Nasihat yang paling bijak nyatanya sering diberikan seakan sudah hidup ratusan tahun dan punya pengalaman segudang. Terlebih saat mereka tau umur kamu sudah berada di titik kritis usia untuk menikah yang seharusnya juga sudah punya dua anak. Jangan pilah-pilih, punya kriteria pendamping tidak boleh terlalu tinggi, mau nunggu apa lagi sih. Setidaknya kalimat itu sering banget terdengar di telinga.

Belum lagi buat kaum hawa, sindiran susah memiliki anak dan berisiko tinggi hamil di usia tua akan selalu menakutkan. Saya tidak mengerti mungkin bagi mereka ‘keperdulian’ semacam itu adalah wajar. Atau kah saya yang memang terlalu membawa perasaan?? Well, jika posisinya dibalik mungkin mereka akan merasakan hal yang sama.

Misalnya saja saya yang memiliki tiga orang teman yang sudah dekat sejak tahun 2003 hingga kini. Kurang lebih sudah 17 tahun kami saling mengenal dan berbagi hal menarik di dalam hidup. Tentunya segala seluk beluk, suka dan duka sudah saling dipahami satu sama lain. Tetapi ketika momen mereka semua telah berkeluarga tiba, disaat itu saya sadar semua tak lagi sama.

Sebagai orang seorang single, saya merasakan kecanggungan yang tidak dapat dilukiskan kata. Saat mereka membahas masalah kehamilan, anak, suami, kerempongan menjadi seorang ibu, saya tidak bisa relate akan hal tersebut. Dan parahnya ketika sering ada guyonan tentang urusan ‘dapur mereka’ yang harusnya jadi hal privasi. Sungguh itu tidak lucu sama sekali Sob!

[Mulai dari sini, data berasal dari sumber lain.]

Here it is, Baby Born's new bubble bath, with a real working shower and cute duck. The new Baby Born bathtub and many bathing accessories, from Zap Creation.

Memang saya memaklumi ketika meet up mereka harus membawa serta anak mereka dan saya memaklumi akan hal itu. Toh, saya juga senang dengan anak-anak jadi bisa sekalian main dengan mereka. Tetapi daripada hal yang menyenangkan ternyata lebih banyak gak enaknya.

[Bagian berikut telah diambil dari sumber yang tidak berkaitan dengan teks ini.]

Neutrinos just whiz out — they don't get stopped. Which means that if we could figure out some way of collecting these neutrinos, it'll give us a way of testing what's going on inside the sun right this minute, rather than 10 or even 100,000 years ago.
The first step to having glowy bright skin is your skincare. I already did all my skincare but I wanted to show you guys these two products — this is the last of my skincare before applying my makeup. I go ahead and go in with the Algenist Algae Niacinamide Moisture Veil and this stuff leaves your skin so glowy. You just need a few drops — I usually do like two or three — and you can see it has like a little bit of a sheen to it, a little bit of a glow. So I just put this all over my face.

Salah satu contoh, saat itu saya pernah janjian ke suatu tempat bersama salah seorang teman, tetapi dia terlambat dua jam lebih. Posisi saya sudah ready, dia belum datang dan sudah dihubungi puluhan kali tetapi tidak ada respon. Akhirnya dia datang tanpa permintaan maaf dan bilang kalau terlambat karena harus mengurus anaknya dulu.

Mengapa tidak mempersiapkan lebih awal? Atau setidaknya memberitahu bahwa akan datang terlambat? Toh, hal-hal tersebut bisa dia antisipasi karena sudah menjadi kebiasaan sehari-hari.

Saya paham bahwa mengurus anak itu bukan perkara mudah, tetapi pahamilah tidak semua orang mau menunggu selama itu. Akan menjadi semakin sungkan jika ternyata temanmu itu membawa suami turut serta.

Belum lagi ucapan-ucapan manis di antara mereka yang tak ingin saya dengar. Saya tau hubungan rumah tangga mereka berjalan harmonis, tetapi sepertinya tidak harus diberitahu ke orang-orang juga kan?

Inilah mengapa saya lebih memilih di rumah saja atau hangout sendirian. Demi menghindari hal-hal yang akan membuat jengah. Saya sadar kini semua punya jalannya masing-masing dan mereka mungkin sudah tidak seasyik dulu. Pertemanan ini rasanya memang sudah benar-benar berubah, setidaknya mungkin sampai ketika saya sudah menikah nanti.